Our sunflowers were/are amazing, sort of a big surprise. I planted Russian sunflowers this year and they grew to their optimum height. Uh. Ten to 12 feet tall they tower above us. Soon, very soon, we will have lima beans if we water. The tops are covered with tiny pale, creamy yellow flowers. Green beans have also been replanted.
In the fruit category, we had some apples from our  Grimes Golden, the figs were plentiful, there were a few grapes, and we were gifted pears. All in July and early August.
So much to do now that we are transitioning to Fall. Off I go to water...

Thursday, July 21, 2016

Mother Nature

She giveth and she taketh away, Mother Nature. We've had traditional Southern thunderstorms this year. Every day or so as the heat and humidity rise, so too do the cumulous clouds. Rising and rising getting darker and darker until the rumbling starts soon followed by rain. I am so grateful when it rains!

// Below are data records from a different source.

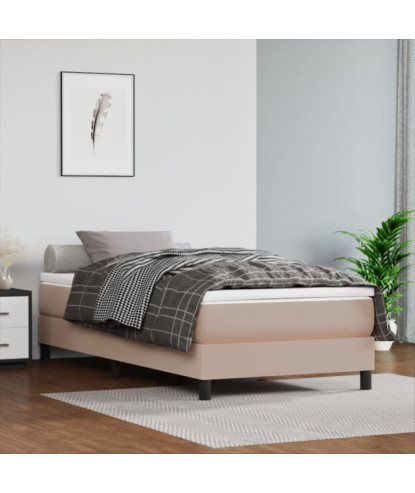Saltea cu arcuri buzunar, fermitate medie, cappuccino, 100x200x20 cm, piele eco - WOODBB3235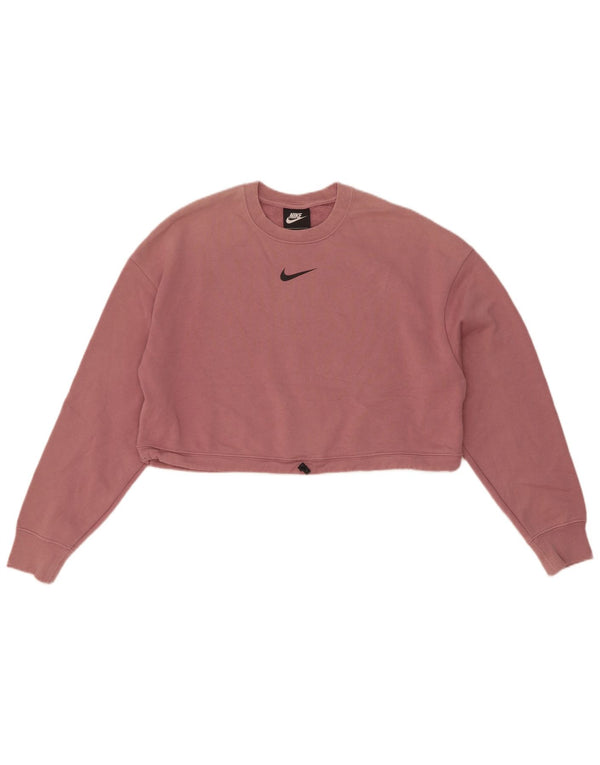 Nike Womens Crop Graphic Sweatshirt Jumper UK 14 Medium Pink Bomuld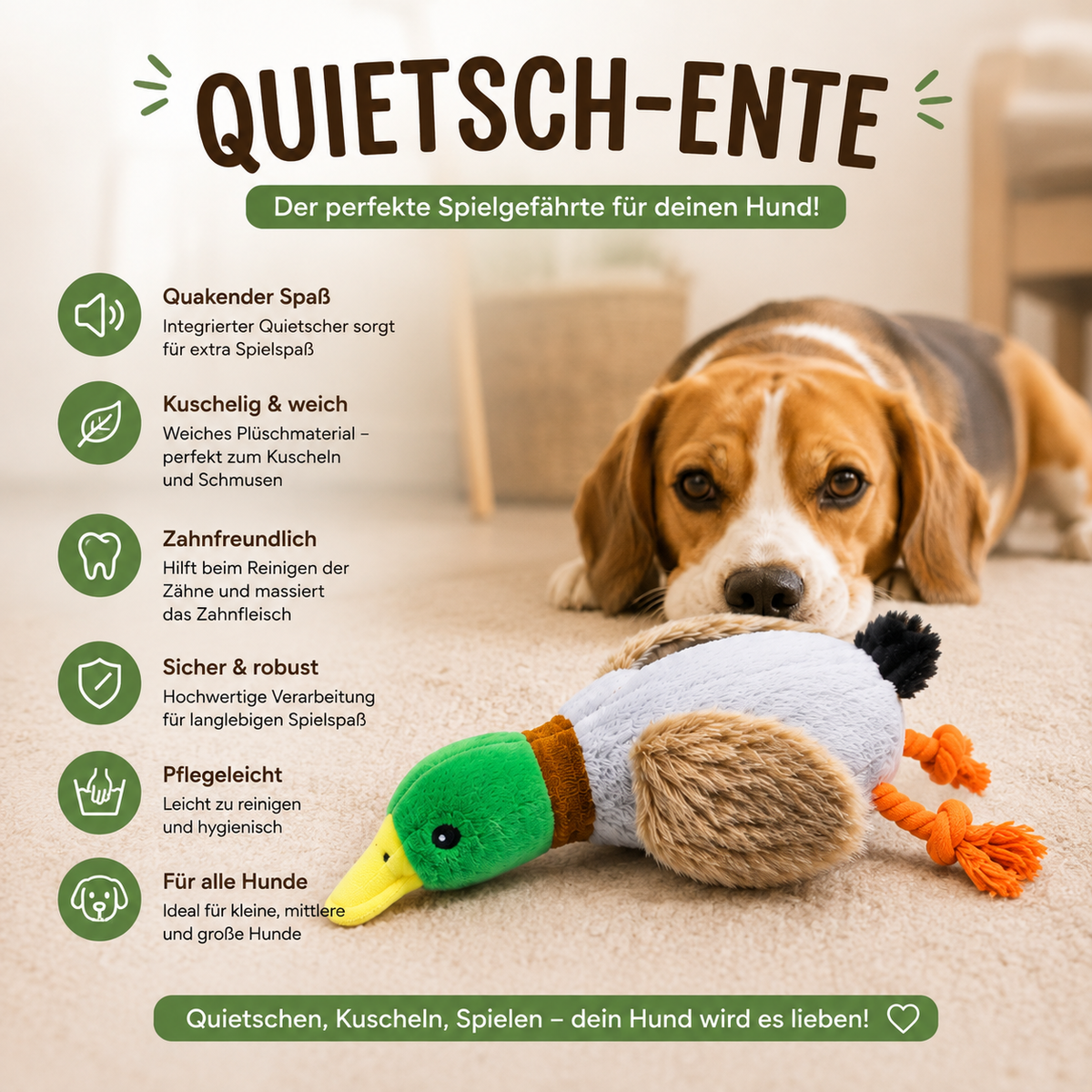 Flauschquaker Hundespielzeug – Plüschtier mit Quietscher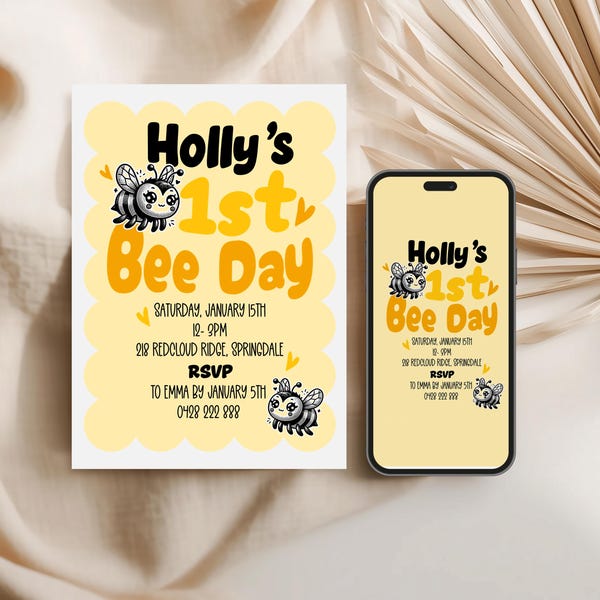 Bee Day Birthday Invitation Template, Kids Bee Party Invite, Bumble Bee Birthday Invitation, Printable Kids Party Invite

Our garden grows beautiful when we get these intermittent rains, But, night before last we had a doozie! Lightening filled the sky, the rains came down in sheets and the winds were ferocious. The limbs of great oaks lifted and swirled in the wind. The next morning street and yards were littered with large limbs and branches. Power was still out in whole neighborhoods in our small town and the garden had taken a beating. Our field pea tower, made of bamboo, snapped under the pressure. Okra plants, chest high the day before, lay in a whirl on the ground. A block away, following a straight line out from our garden, a giant oak fell on apartment building crushing the roof. Downburst? I think so.  

We heeled up the okra and propped up the field peas and picked up twigs and branches off and on all day. City crews and private owners cleaned up larger limbs and except for the crushed apartment we're back on track waiting for okra to bloom because the fruit forms almost overnight. Waiting. Waiting. Soon.